Other Jewish organizations and community members, like Kaiserman JCC CEO Amy Krulik, participated as well.

“It really is a win-win,” Einhorn said, “between [the] synagogue chipping in, and students chipping in, and [a] congregant having vision, and being able to pull it off, and being able to take something — so many things start around a table, in a committee, that don’t go anywhere — and watch the community gel together and have this turn into a real event that we hope will be the beginning of many more years.”

Kaiserman JCC CEO Amy Krulik leads the opening ceremony.

Over the winter, Einhorn said, Rosenbloom did a walk-through of Har Zion with him and Miller. They talked about accessibility to ensure the event space would be truly inclusive for people of all abilities.
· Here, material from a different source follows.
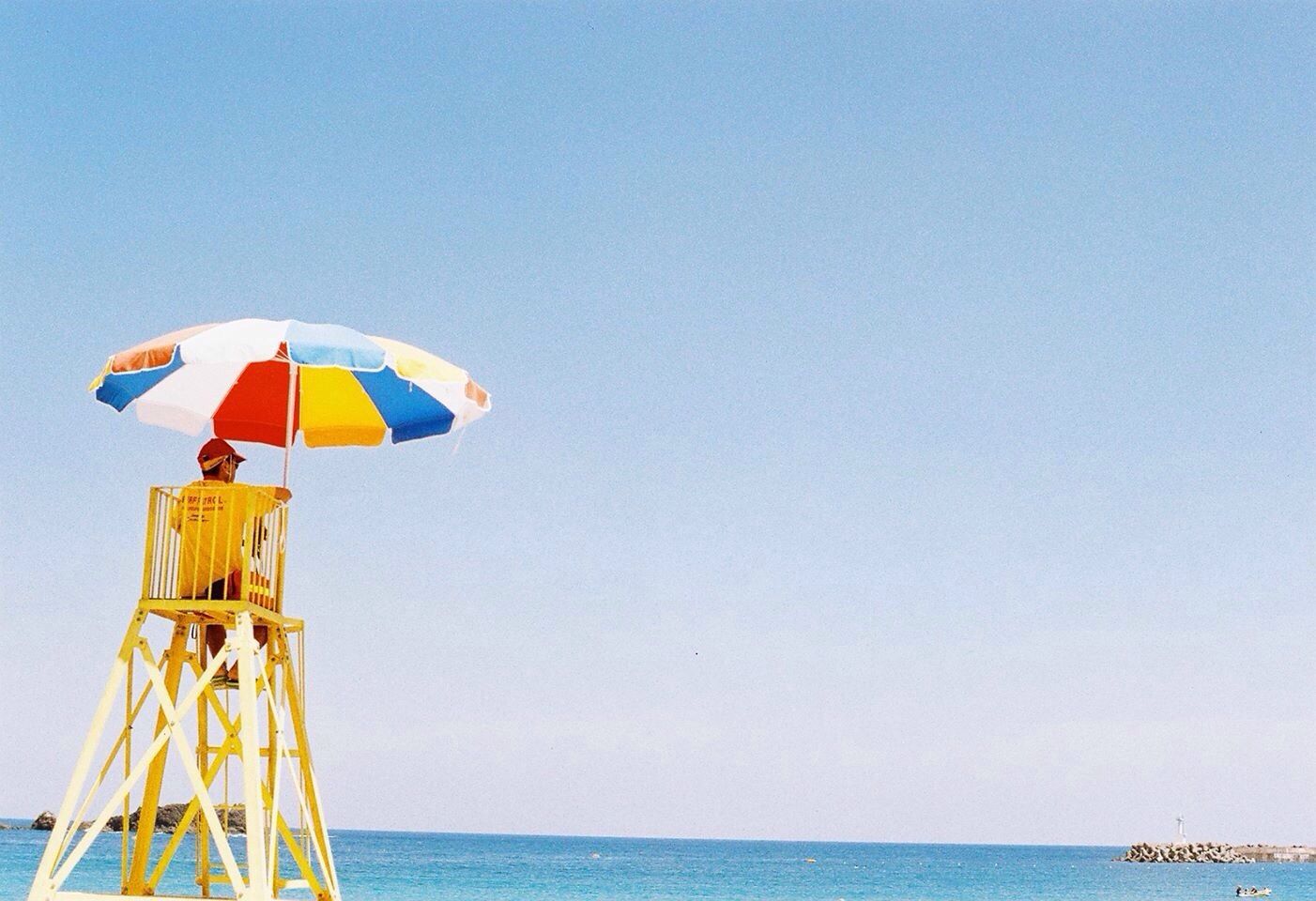 sea, clear sky, horizon over water, water, copy space, blue, beach, tranquility, tranquil scene, scenics, flag, nautical vessel, nature, transportation, beach umbrella, beauty in nature, sky, protection, vacations, day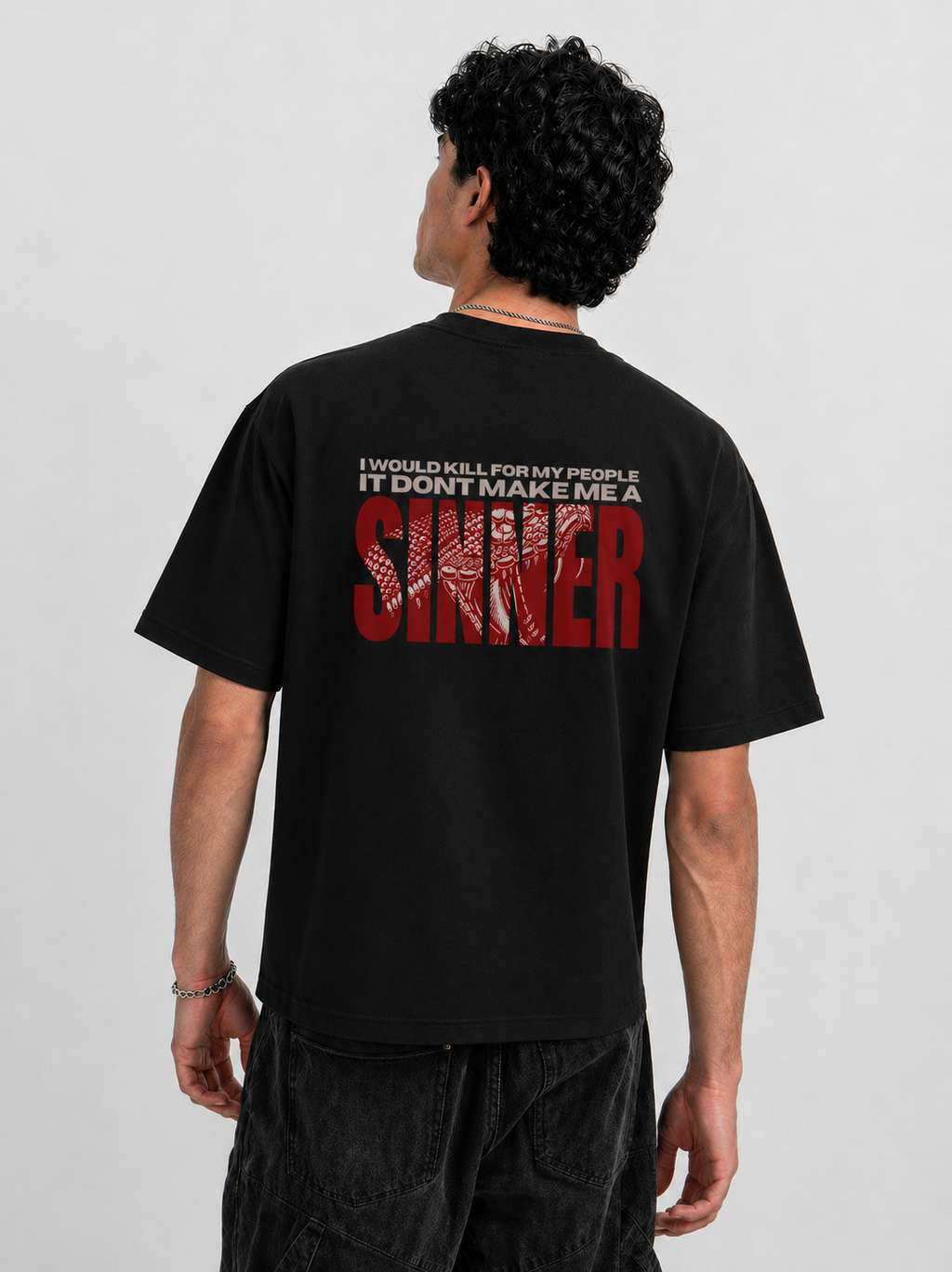 Back view of man wearing Noverra Dhurandhar SINNER 240 GSM oversized boxy fit t-shirt with I would kill for my people back print, best Gen Z streetwear India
Einhorn said it was a learning opportunity for him, where he got to consider potential barriers like unlevel ground and stairs.

The day’s activities were carefully considered so all participating children would feel included. Rosenbloom created a list of activities that could be accommodated and adapted for different abilities. For the hockey shot, for example, having hockey sticks with different grips, heights and thicknesses allowed participants to choose the stick with which they felt most comfortable.

“Opening events like this up to athletes of all abilities and creating a level playing field for everybody to engage together is really something that these families have been really attracted to,” Pashko said. “They really love and really appreciate [it], and [it’s] really a way to create an inclusive community [where] we’re all welcoming each other together.”

The event ended with an awards ceremony. Rosenbloom said the awards recognized creative accomplishments, such as best touchdown dance, in addition to more traditional successes like strongest shot and fastest runner.

“The reason the awards were given was nowhere near as important as seeing someone be the recipient of the award,” Kirschner said. “That was the joy.”

The members of the executive committee say they see this event as just the first in what they hope becomes an annual tradition. Kirschner said he envisions the Sunday Sports Spectacular an an event other communities may want to copy.

“From the beginning, it was a dream,” Kirschner said. “But then, after having contact with Friendship Circle, and quickly after Stacy and JCHAI, I saw the only thing holding it back was energy.”